Strengthening our efforts to center on equity in all that we do often results in shifting relationships and power dynamics. This underscores the critical importance that we build relationships in community that can sustain through changing tides. Building strong and trusting relationships with grantees is ­­­core to our community engagement approach, and how we intend to show up as partners. The survey data both affirms our commitment to the IMPACT Practice Model and offers us a vision for intentionally refining that approach.
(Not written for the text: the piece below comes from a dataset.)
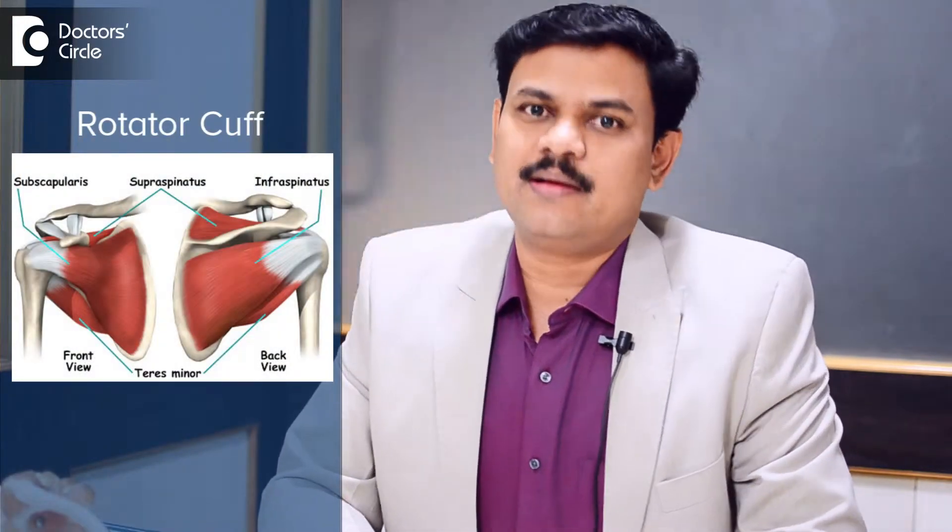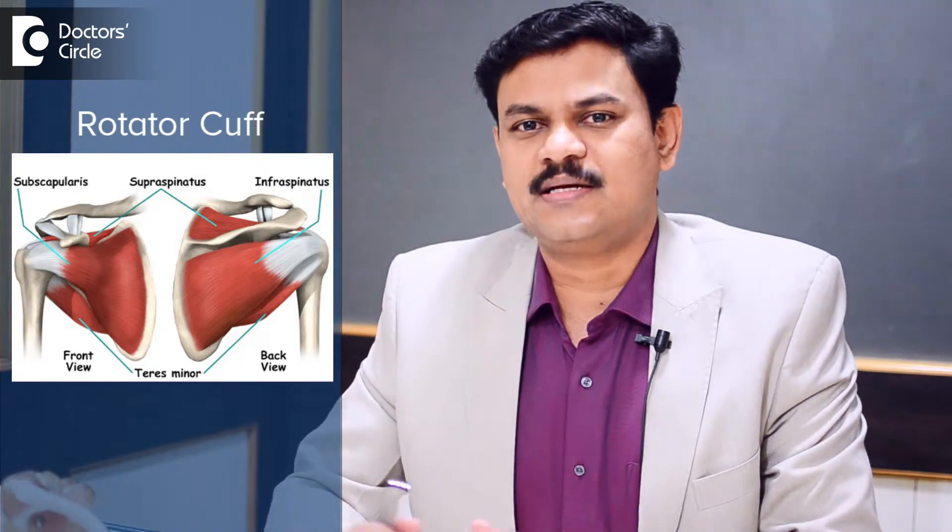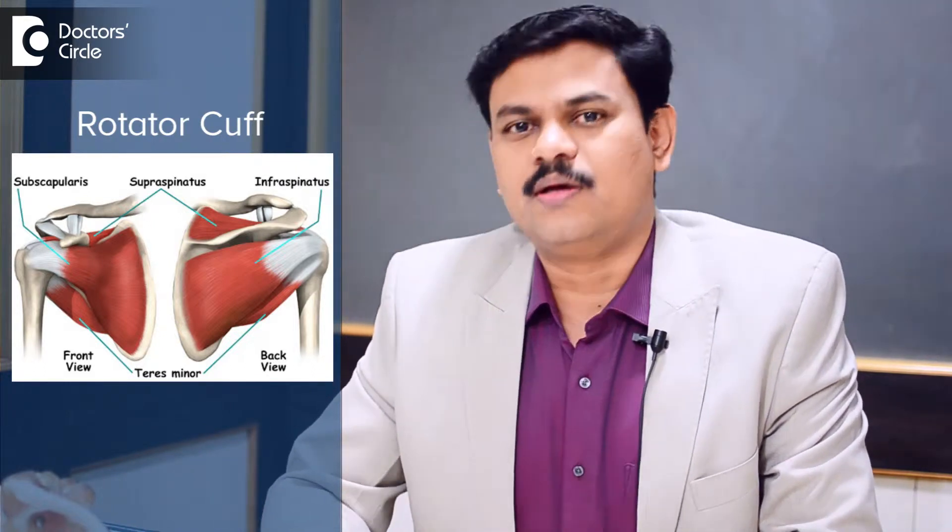Rotator cuff are a group of muscles which are situated inside the shoulder joint. There are four different muscles which unite to form the group called the rotator cuff. The muscles originate from the shoulder blade and insert on the arm bone called the humerus.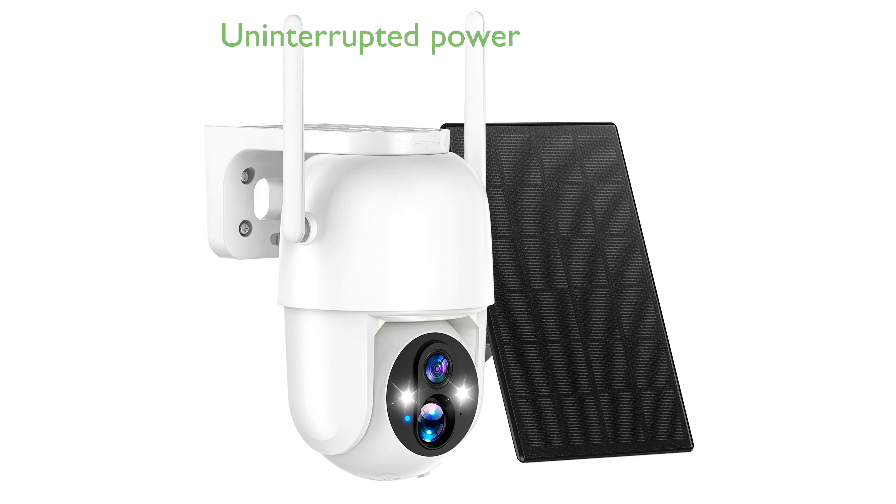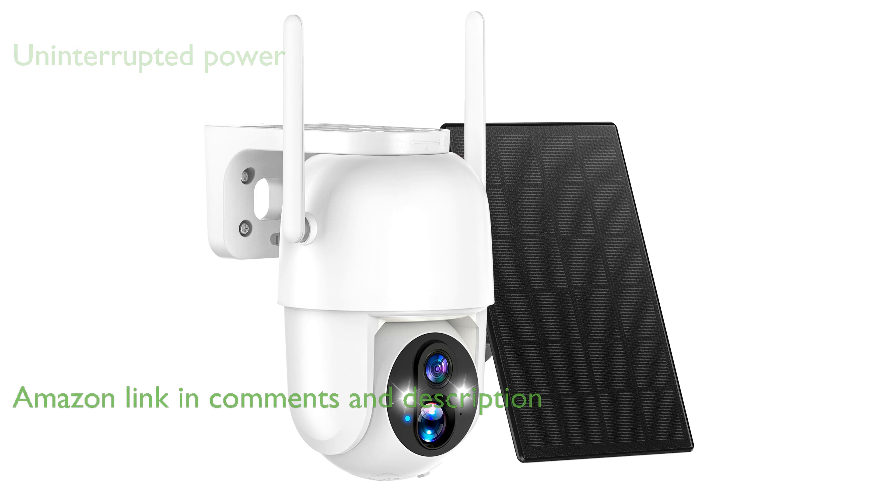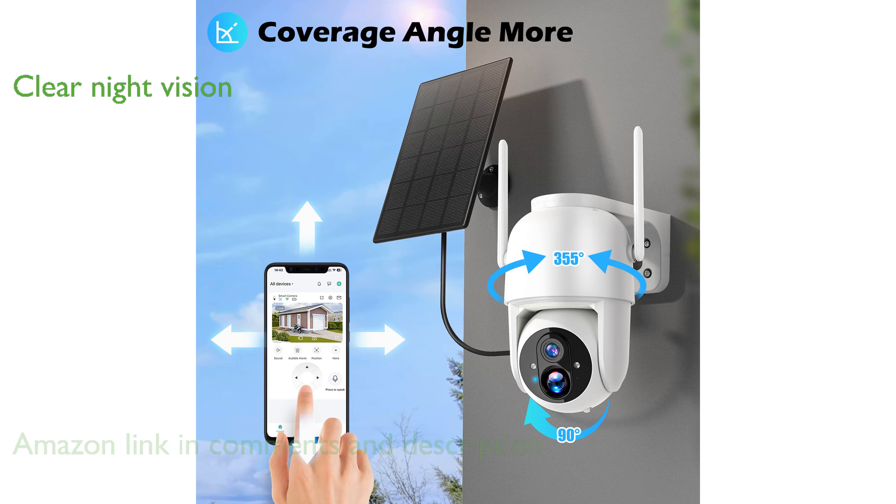The ALWIVI Solar Security Camera SWC200 is equipped with a high-capacity battery and solar panel, ensuring a 100% wireless and uninterrupted power supply. This camera offers 2K 3-megapixel resolution and advanced color night vision, providing clear and detailed images even in low-light conditions.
The survey also dug deeper into equity – both about grantees’ perceptions of the Foundation’s work to advance diversity, equity and inclusion (DEI), as well as questions about the work that grantees are doing to advance DEI within their organizations and communities. These questions yielded valuable information for us to consider as we continue to advance equity in our own policies and practices, in addition to understanding where are grantees are and how we can support them in their DEI journey.

We are honored that grantees took time out of their busy schedules to complete the survey and share their perspectives with us. We’re committed to listening, learning, evolving our practices and being transparent with you as we go.